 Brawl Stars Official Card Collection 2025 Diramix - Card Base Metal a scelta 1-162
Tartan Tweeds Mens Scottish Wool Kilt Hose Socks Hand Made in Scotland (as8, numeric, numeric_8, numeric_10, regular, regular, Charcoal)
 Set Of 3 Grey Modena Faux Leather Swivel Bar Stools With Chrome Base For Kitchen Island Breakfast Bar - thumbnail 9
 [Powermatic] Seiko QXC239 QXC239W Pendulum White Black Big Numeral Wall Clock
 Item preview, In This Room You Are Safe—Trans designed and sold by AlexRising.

...

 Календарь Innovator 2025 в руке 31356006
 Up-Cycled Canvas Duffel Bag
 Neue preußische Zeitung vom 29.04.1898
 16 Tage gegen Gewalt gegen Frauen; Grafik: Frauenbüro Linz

__Assignment__
Extract from the listing above the lines between the line containing "Brawl Stars Official" and the line containing "Item preview, In", keeping both of those lines. Output nothing else.

__Result for this exercise__
 Brawl Stars Official Card Collection 2025 Diramix - Card Base Metal a scelta 1-162
Tartan Tweeds Mens Scottish Wool Kilt Hose Socks Hand Made in Scotland (as8, numeric, numeric_8, numeric_10, regular, regular, Charcoal)
 Set Of 3 Grey Modena Faux Leather Swivel Bar Stools With Chrome Base For Kitchen Island Breakfast Bar - thumbnail 9
 [Powermatic] Seiko QXC239 QXC239W Pendulum White Black Big Numeral Wall Clock
 Item preview, In This Room You Are Safe—Trans designed and sold by AlexRising.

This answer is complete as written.